RECORDED INFORMATION
------------------------

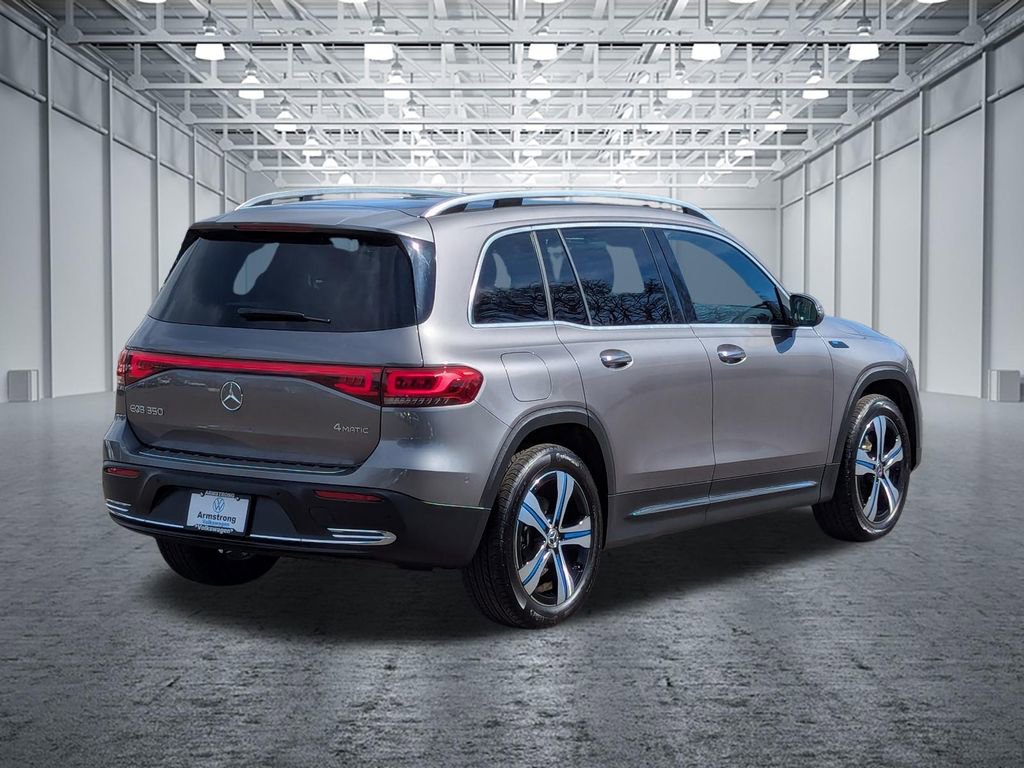 Used 2022 Mercedes-Benz EQB 350 4MATIC image 5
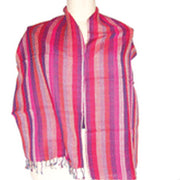 COTTON STRIPE SCARF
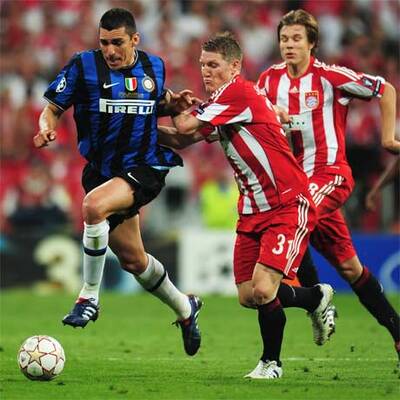 CL-Finale Bayern vs. Inter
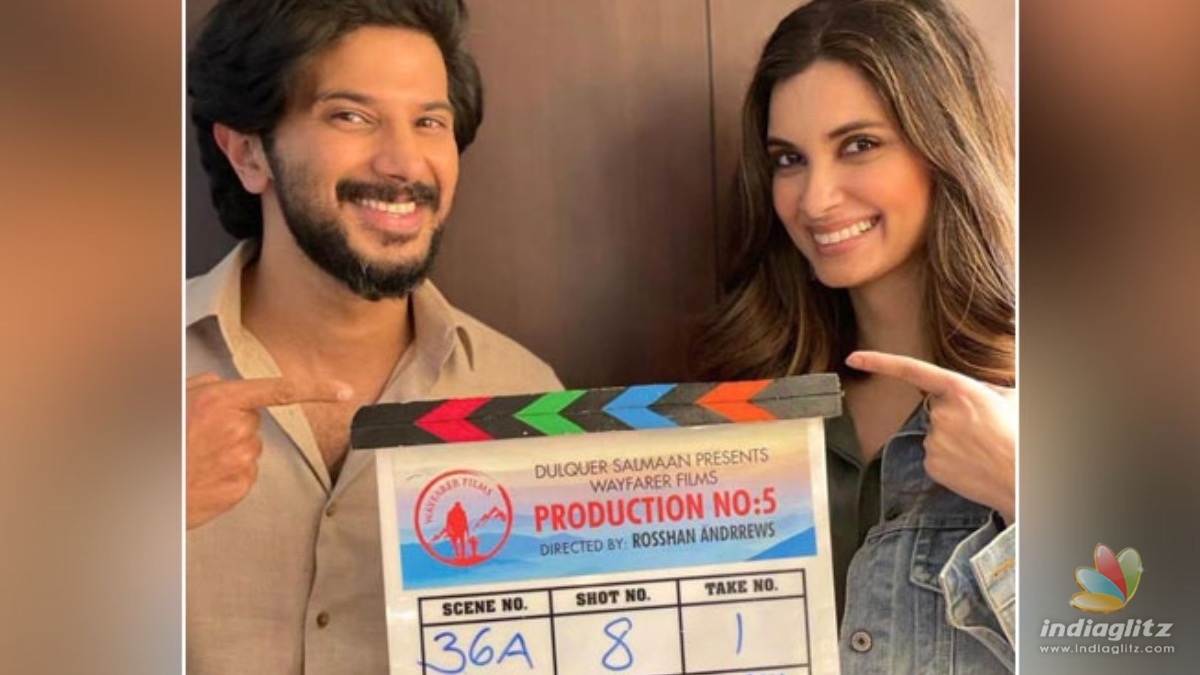 Dulquer Salmaan resumes the shoot of Salute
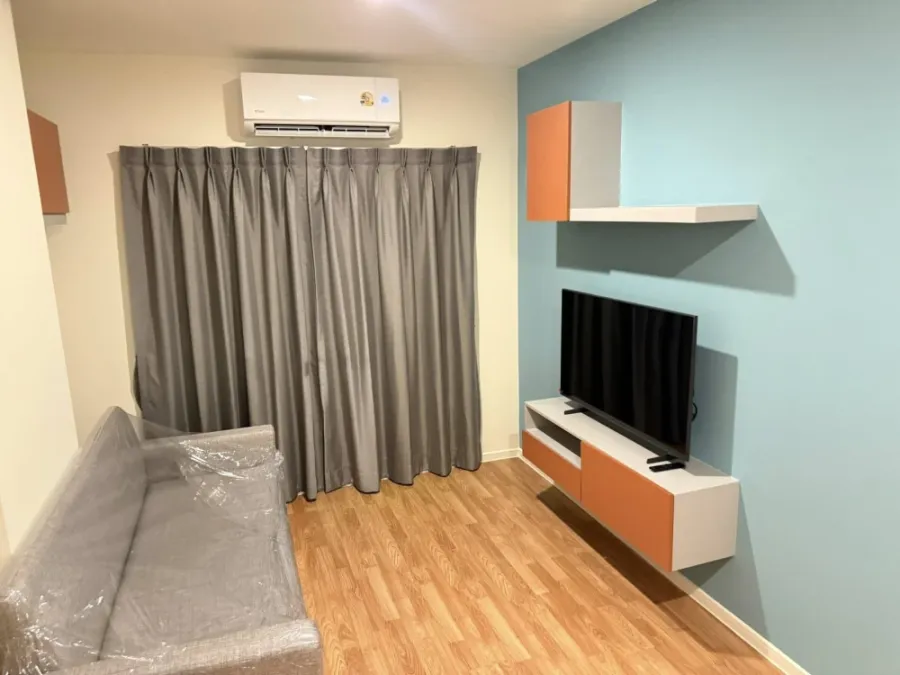 For rent: Lumpini Ville Pranangklao-Riverview, fully furnished, ready to move in. Great price, hard to find! Book now before it's too late!!!
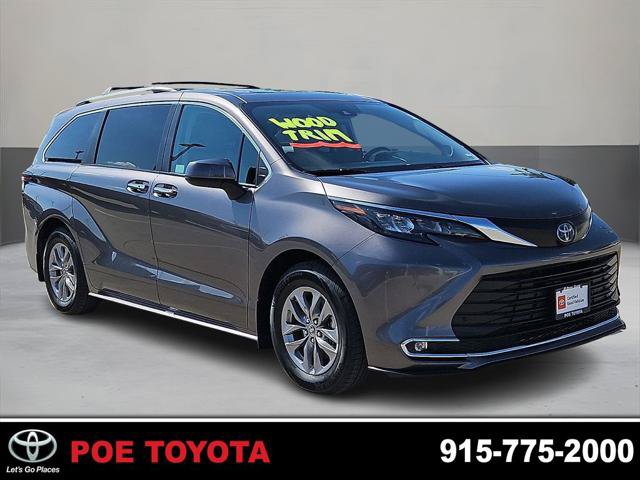 Certified 2024 Toyota Sienna XLE w/ XLE Plus Package AWD/4WD image 1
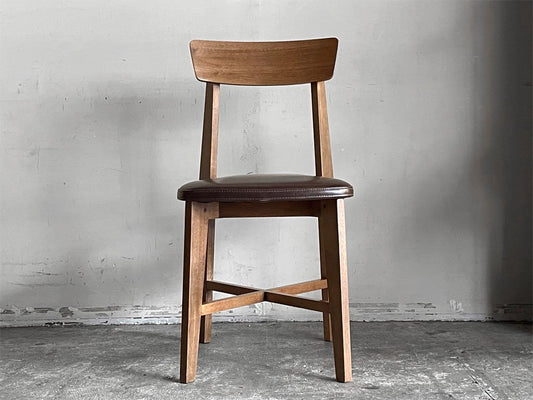 ジャーナルスタンダードファニチャー journal standard Furniture シノン ダイニングチェア CHINON CHAIR 本革 オイルレザー ■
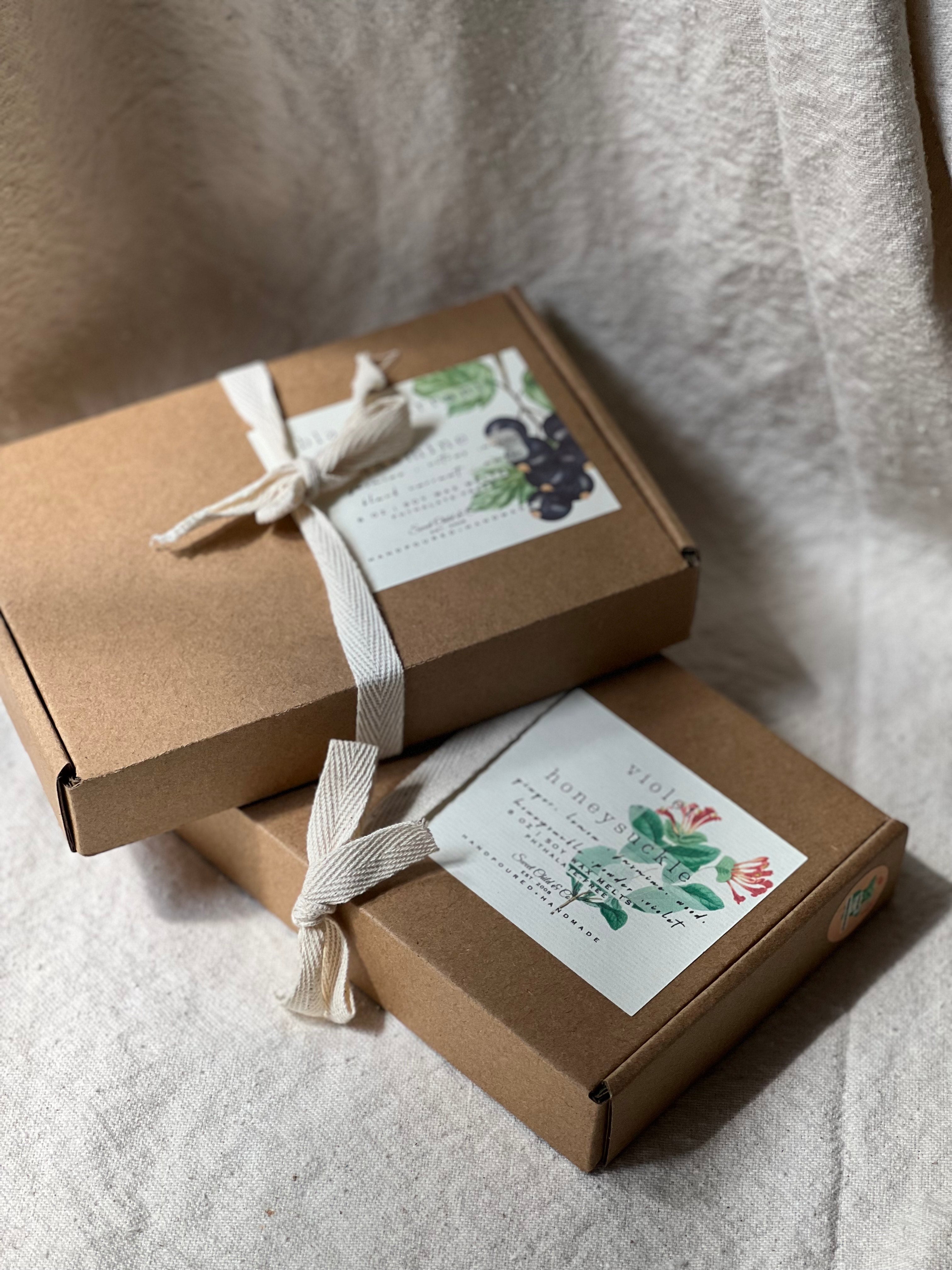 Soy Wax Melt Pods in a Box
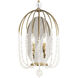 Voliere 2 Light 12 inch Havana Gold Wall Sconce Wall Light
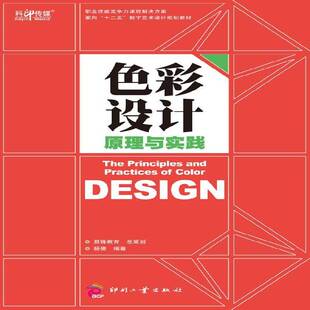 色彩设计原理与实践杨倩 色彩设计教材艺术书籍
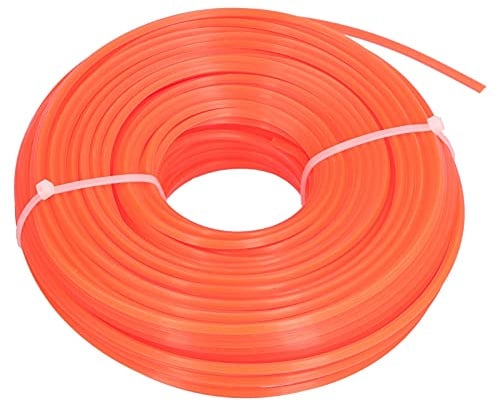 RASTKY Bobina di Ricambio per Filo del Decespugliatore Resistente all'Usura, Facile da Installare per Tosaerba Commerciali (Quadrato Rosso 2,7)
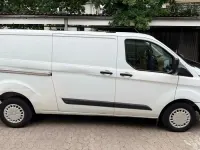 Gebraucht Ford Transit Custom 125 PS (91 kW) 2015 Weiß Van / Kleinbus
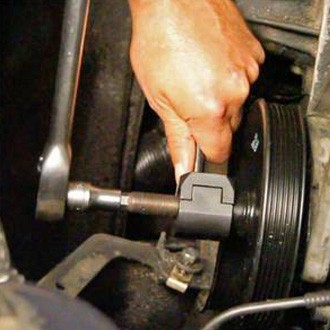 Lisle No Slip Pulley Puller & Installer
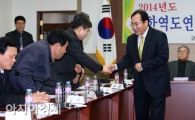 [포토] 최성용 대한역도연맹 신임회장 '역도계를 잘 이끌겠습니다'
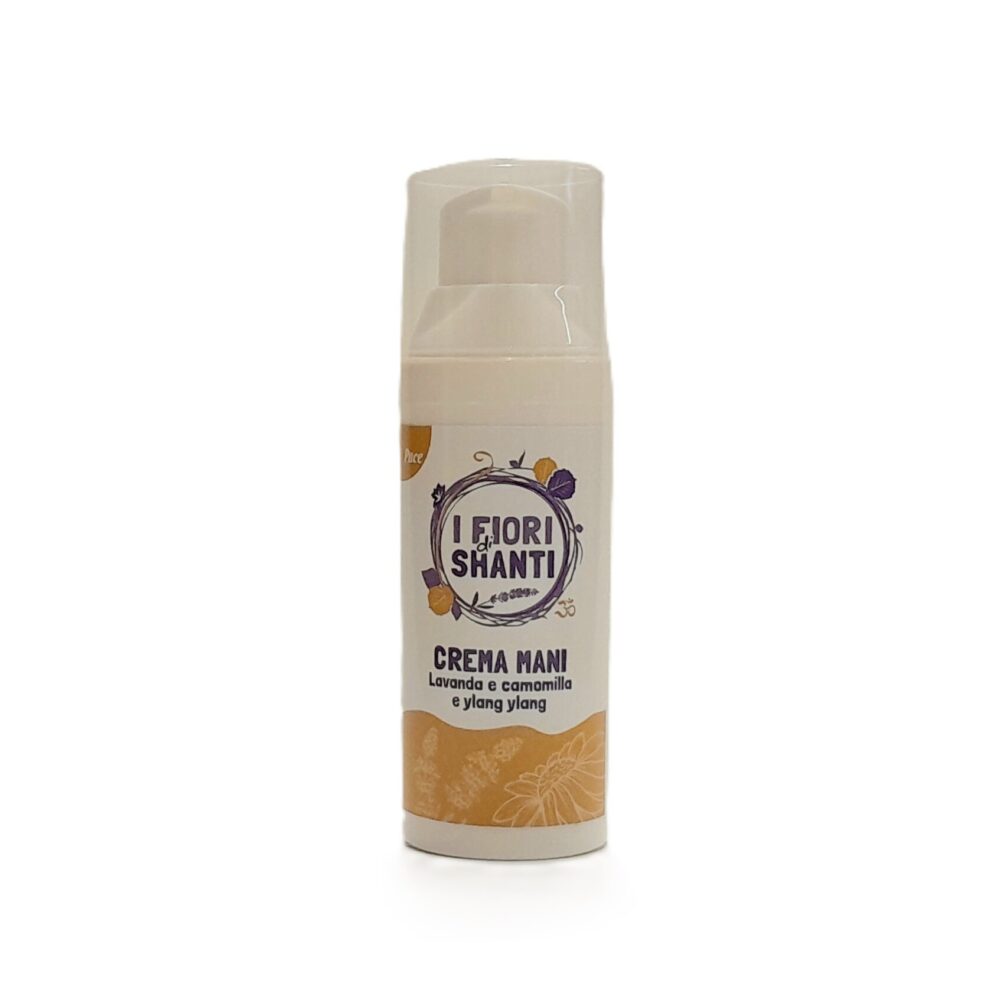 Crema mani lavanda, camomilla e Ylang ylang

------------------------

ASSIGNED TASK
Every entry above, pictures excluded, needs to be duplicated exactly.

EXERCISE SOLUTION
 Used 2022 Mercedes-Benz EQB 350 4MATIC image 5
 COTTON STRIPE SCARF
 CL-Finale Bayern vs. Inter
 Dulquer Salmaan resumes the shoot of Salute
 For rent: Lumpini Ville Pranangklao-Riverview, fully furnished, ready to move in. Great price, hard to find! Book now before it's too late!!!
 Certified 2024 Toyota Sienna XLE w/ XLE Plus Package AWD/4WD image 1
 ジャーナルスタンダードファニチャー journal standard Furniture シノン ダイニングチェア CHINON CHAIR 本革 オイルレザー ■
 Soy Wax Melt Pods in a Box
 Voliere 2 Light 12 inch Havana Gold Wall Sconce Wall Light
 色彩设计原理与实践杨倩 色彩设计教材艺术书籍
 RASTKY Bobina di Ricambio per Filo del Decespugliatore Resistente all'Usura, Facile da Installare per Tosaerba Commerciali (Quadrato Rosso 2,7)
 Gebraucht Ford Transit Custom 125 PS (91 kW) 2015 Weiß Van / Kleinbus
 Lisle No Slip Pulley Puller & Installer
 [포토] 최성용 대한역도연맹 신임회장 '역도계를 잘 이끌겠습니다'
 Crema mani lavanda, camomilla e Ylang ylang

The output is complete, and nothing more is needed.